LA’s new Mobility Principles for transportation happiness:

  • Freedom to Get Around
  • Freedom from Disruptions
  • Freedom from Harm
  • Freedom to Connect
  • Freedom from Exclusion

Austroads – Level of Service Metrics (for Network Operations Planning)

Pedestrian LOS

  • Mobility
    • Footpath congestion
    • Grade of path
    • Crossing delay or detour
  • Safety
    • Exposure to vehicles at mid- blocks
    • Exposure to vehicles at crossings
    • Trip hazards
  • Access
    • Crossing opportunities
    • Level of disability access
  • Information Amenity
    • Traveller information available including signposting
  • Amenity
    • Footpath pavement conditions
    • Comfort and convenience features
    • Security
    • Aesthetics
  • The Right-Of-Way When Using Crosswalks: Motorists failing to yield the right-of-way at crosswalks is the No. 1 dangerous behavior contributing to fatal traffic crashes in San Francisco. Motorists “shall yield the right-of-way to a pedestrian crossing the roadway within any marked crosswalk or within any unmarked crosswalk at an intersection.” Motorists must always stop for pedestrians crossing at streets corners, with or without traffic signal lights and whether or not the crosswalk is marked by painted lines. Further, even if the marked crosswalk is the middle of the block, motorists must stop for pedestrians.
  • The Right To Unimpeded Use Of A Crosswalk: A crosswalk is the part of the roadway set aside for pedestrian traffic. Motorists and bicyclists must stop behind the line at traffic signals and stop signs.
  • The Right Not To Be Struck By A Speeding Vehicle: Motorists traveling at an unsafe speed is the second most dangerous behavior contributing to fatal traffic crashes in San Francisco. Speeding increases stopping distance and collision force. When a person is hit by a vehicle traveling at 20 miles per hour, there is a 90 percent chance of survival. The survival rate drops to 20 percent if a person is hit by a vehicle traveling at 40 miles per hour. Motorists approaching a pedestrian “within any marked or unmarked crosswalk shall exercise all due care and shall reduce the speed of the vehicle or take any other action relating to the operation of the vehicle as necessary to safeguard the safety of the pedestrian.”
  • The Right Not To Be Struck In The Roadway: While pedestrians should not jaywalk and always use crosswalks to cross a roadway, even if the pedestrian is within a portion of the roadway other than a crosswalk motorists must slow down. Motorists are under the duty “exercise due care for the safety of any pedestrian” no matter where the pedestrian is on the roadway. This rule also applies to bicyclists because, as a rule, bicyclists have the same duties and responsibilities as motorists.
  • The Right To Unimpeded Use Of Sidewalks: Adult bicyclists, and even teenage bicyclists, are prohibited from riding on sidewalks in most California cities. In San Francisco, it is illegal to bike on a sidewalk if the bicyclist is 13 years of age or older. Of course, bicyclists can dismount and walk their bike on sidewalk. At that point, they are pedestrians under the law.

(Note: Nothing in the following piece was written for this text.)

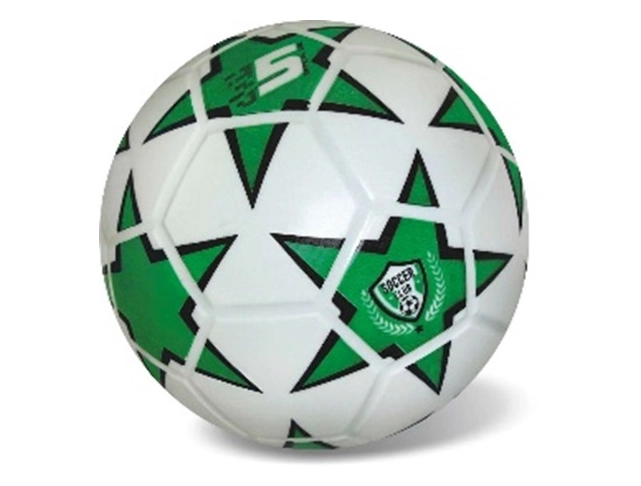 Groene Soccer Club bal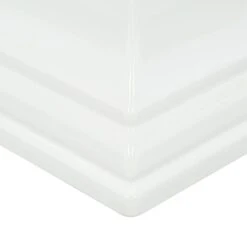 KOHLER Memoirs Lavatory Ceramic Pedestal In White 19 KOHLER Memoirs Lavatory Ceramic Pedestal In White -Kohler Sales Store 59ad783239f728a0f2b658a896da0ab9 1800x1800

Los Angeles Walks reports on Los Angeles City Council file Number 87-2261 —  Pedestrian Bill of Rights

which says “The People of Los Angeles have the right to:”

  • 1. Safe roads and safe places to cross the street
  • 2. Pedestrian-oriented building facades, trees, flower stands, trash cans, awnings, etc.
  • 3. Safe and comfortable bus stops and public transit stations
  • 4. Appealing use of landscaping and available open space
  • 5. Full notification of all street widening that impinge on public open space and sidewalks
  • 6. Access to streets and buildings for disabled people
  • 7. Clean surroundings, requiring removal of graffiti and advertisements from public property
  • 8. Have needs of pedestrians considered as heavily as the needs of drivers
  • 9. Public works of Art

Arrol Gellner offered a Pedestrian Bill of Rights:

  • 1. When traffic laws say pedestrians have the right of way, that shouldn’t just mean that if you’re hit by a car, it’s not your fault. People on foot shouldn’t have to fear, evade, negotiate or maneuver around cars, whether moving or parked, just because planners routinely put the convenience of people inside vehicles far above that of people using their own two feet.
  • 2. No pedestrian should ever find that the only way to reach that store or office on foot is to cross a huge desert of asphalt, with moving cars threatening on all sides. Any parking area with more than two rows of stalls should be required to have a pedestrian walkway running down the strip where cars usually face off nose-to-nose. If these walkways reduce the space available for parking cars, well, boo hoo. Cars already take up 20 times as much space as a person does. Enough is enough.
  • 3. No pedestrian should ever be expected to cross more than four lanes of traffic, whether or not there are crossing signals present. The vast six- and even eight-lane boulevards that are being imposed on more and more of our suburbs tear neighborhoods apart and form virtual Grand Canyons to people on foot.
  • Once and for all, planners should shake the wrongheaded belief that the way to fix traffic congestion is to make roads wider. This is like telling a 400-pound man with a heart condition that what he really needs is some bigger pants. The wider we make our roads, the more traffic will arrive to fill them up, and the more impassable our cities will become to people on foot.
  • 4. In dense urban areas, pedestrians should be free to shop, stroll or sightsee without constant threat of assault by cars, buses or taxis. Hence, planners should provide centralized public parking at the fringe of city cores, offer a shuttle service and make downtown blocks pedestrian-only zones. Sedentary car jockeys would benefit from having to walk a few steps to get where they’re going, and the rest of us would be blessed with a quieter, greener and less-polluted city.
  • 5. Lastly, American planners should recognize that, in relative terms, cars are a mere fleeting speck of technology, like the chariot, the man-of-war and the steam locomotive. We bipeds, on the other hand, are hopefully here for the long run. It’s just plain dumb to continue building an entire nation around a machine that’ll likely be obsolete in 50 years — especially considering that, no matter what takes its place, we’ll always want to get around on our own two feet.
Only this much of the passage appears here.